From: NeilBrown <neilb@suse.de>
To: linux-raid@vger.kernel.org
Subject: [md PATCH 06/16] md/raid5: allow each slot to have an extra replacement device
Date: Wed, 26 Oct 2011 12:43:01 +1100 [thread overview]
Message-ID: <20111026014301.21110.82947.stgit@notabene.brown> (raw)
In-Reply-To: <20111026014240.21110.28487.stgit@notabene.brown>
Just enhance data structures to record a second device per slot to be
used as a 'replacement' device, replacing the original.

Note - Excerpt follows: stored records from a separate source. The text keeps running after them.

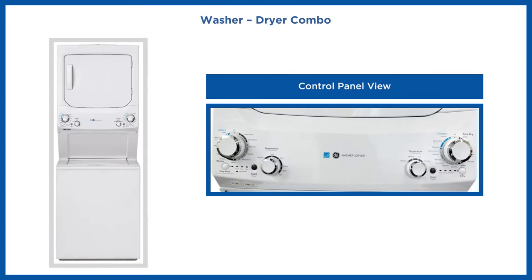The washer-dryer combo has the Ethernet port located on the front at the bottom left side of the control panel.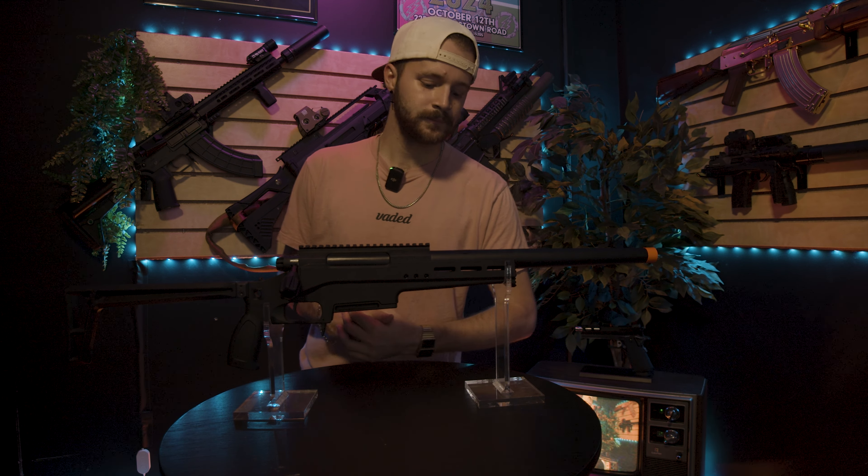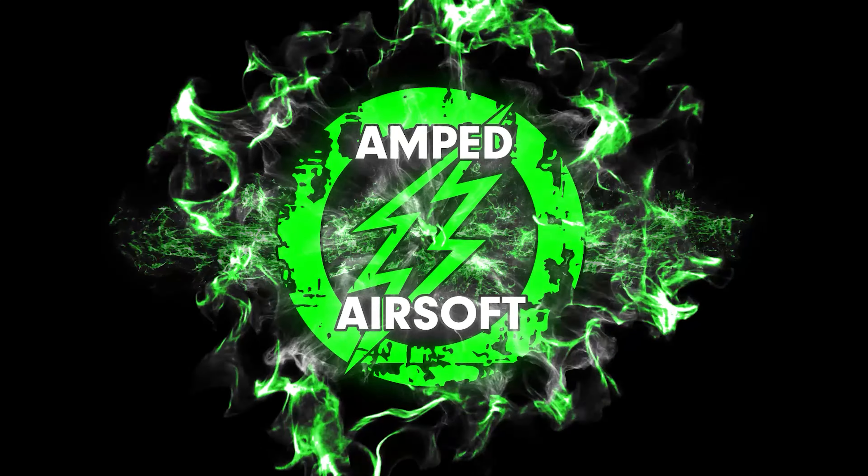Welcome back to another video. Today we're taking a look at the Silverback TAC-41 L Sport Sniper Rifle. If you've been playing airsoft for a long time, you've probably seen your fair share of snipers on the field. Sniping is a very expensive style of gameplay — between the guns, the ghillie suits, and everything in between, the rifle is probably the most important thing. Silverback is known in the industry for very high-performing sniper rifles that come with a very high-performing price tag.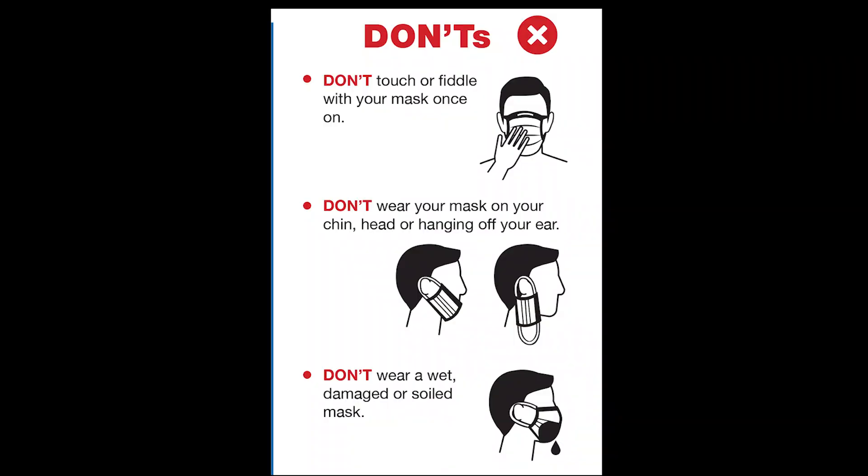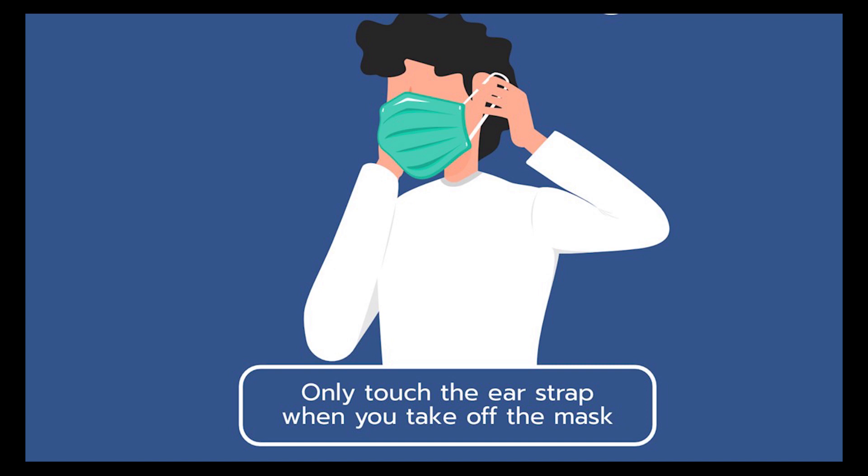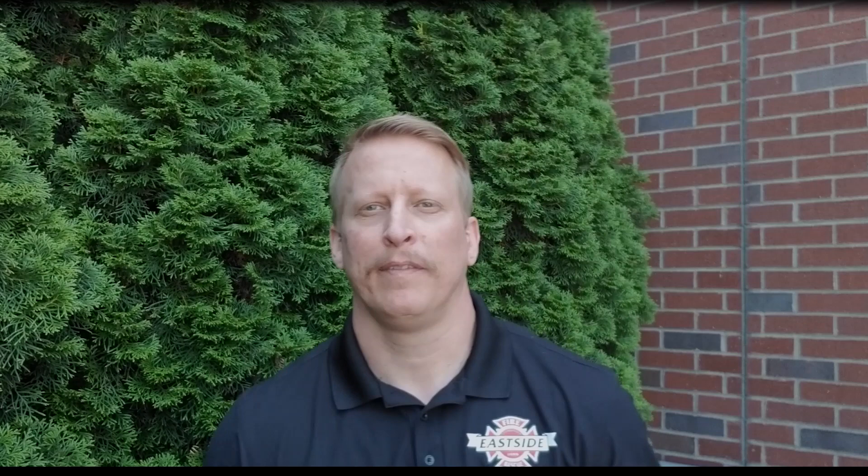Once the face covering is on, do not touch it, and if you do, wash your hands. When removing the face covering, handle by the ear loops, be careful not to touch your eyes, nose, or mouth, and wash your hands immediately after touching the mask.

We also have a second bio in each slot in each stripe_head. This will
only be used when writing to the array - we need to write to both the
original and the replacement at the same time, so will need two bios.
For now, only try using the replacement drive for aligned-reads.
In this case, we prefer the replacement if it has been recovered far
enough, otherwise use the original.
This includes a small enhancement. Previously we would only do
aligned reads if the target device was fully recovered. Now we also
do them if it has recovered far enough.
Signed-off-by: NeilBrown <neilb@suse.de>
---
drivers/md/raid5.c | 15 ++++++++++++--
drivers/md/raid5.h | 57 ++++++++++++++++++++++++++++++----------------------
2 files changed, 46 insertions(+), 26 deletions(-)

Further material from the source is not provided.